“汾州受了雪灾,陛下怕那边马场有失,派我出去巡查。”
哦,懂的懂的,要去出差。就是年都不让人过就出差,怕是这雪下的真的很大。
“我不在府里,府中只有媳妇一人管家,怕是有不周全的地方。我走后,家中还是尽量不要张扬,除了一些家中的亲戚旧交,其他人的拜访最好是回了。年底家庙需要人主祭,还有其他的交际往来,我准备让锐儿来做主。娘也多看顾提点着。”
“咦?哥哥?”
“我?”李锐来之前并不知道叔叔的打算。他是和李铭在来持云院的路上碰到了李茂,才三人一起进的园子。
李茂这么决定,是经过深思熟虑的。
他也是进入朝堂之后,才知道人丁单薄的坏处。
他突然乍得国公之位时也不过是二十多岁,他不比兄长,一直就被视为继承人悉心调教,也不没有兄长聪明。那时他身上没有官职,父亲去了,家中重孝,他一天到晚都闲在家里,除了养儿子和侄子,一点旁的事情都没有。

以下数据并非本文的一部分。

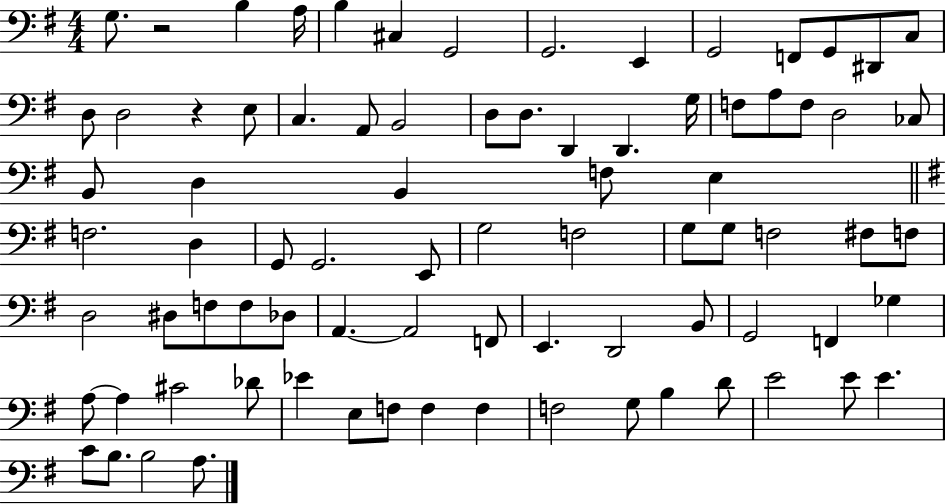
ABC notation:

哥哥刚去的那段时日里,他是真的把李锐当做自己的儿子在养的,他夜里做噩梦,他每夜都起身去看个几次,唯恐他被魇着。他是男人,阳火旺盛,每次他一走到床边,李锐就会安睡。
可一闲下来就容易胡思乱想,患得患失。再加上妻子时不时在耳边吹枕头风,渐渐地,他看这侄儿,就真的哪里都不对劲起来。

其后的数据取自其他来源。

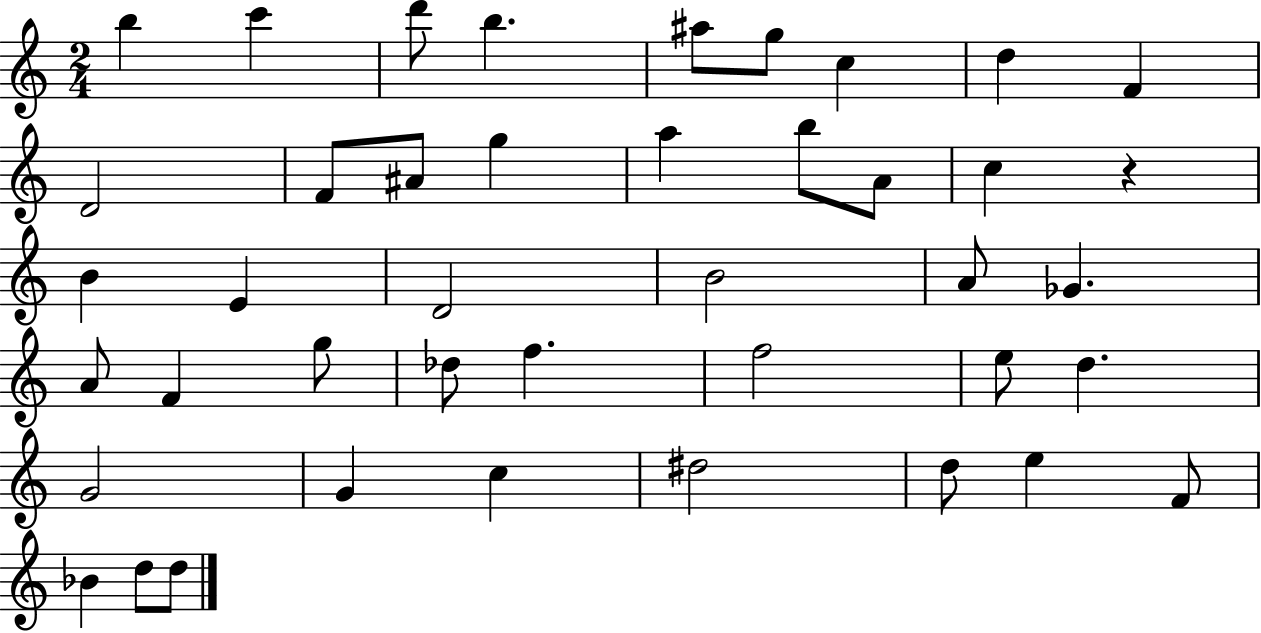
B5/q C6/q D6/e B5/q. A#5/e G5/e C5/q D5/q F4/q D4/h F4/e A#4/e G5/q A5/q B5/e A4/e C5/q R/q B4/q E4/q D4/h B4/h A4/e Gb4/q. A4/e F4/q G5/e Db5/e F5/q. F5/h E5/e D5/q. G4/h G4/q C5/q D#5/h D5/e E5/q F4/e Bb4/q D5/e D5/e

大哥身死,他必须要开始顶门立户,要开始走上仕途,承受各种复杂的局势和凶险。他要拼尽全力去为全府上下拼个前程。可若辛苦劳累的是他,承受风险的是他,凭什么最后要给他人做嫁衣?
他也是他爹的儿子!
所以,他默认了方氏“捧杀”的举动。
后来,他进入朝廷,眼界渐渐开阔,身边尽是家国大事,这些后院里的勾心斗角,竟也渐渐看不进眼里了。他并没有大哥过目不忘的本事,也不像父亲那样心中有大智慧,能够立足在朝堂之上,无非就是多学,多听,多努力而已。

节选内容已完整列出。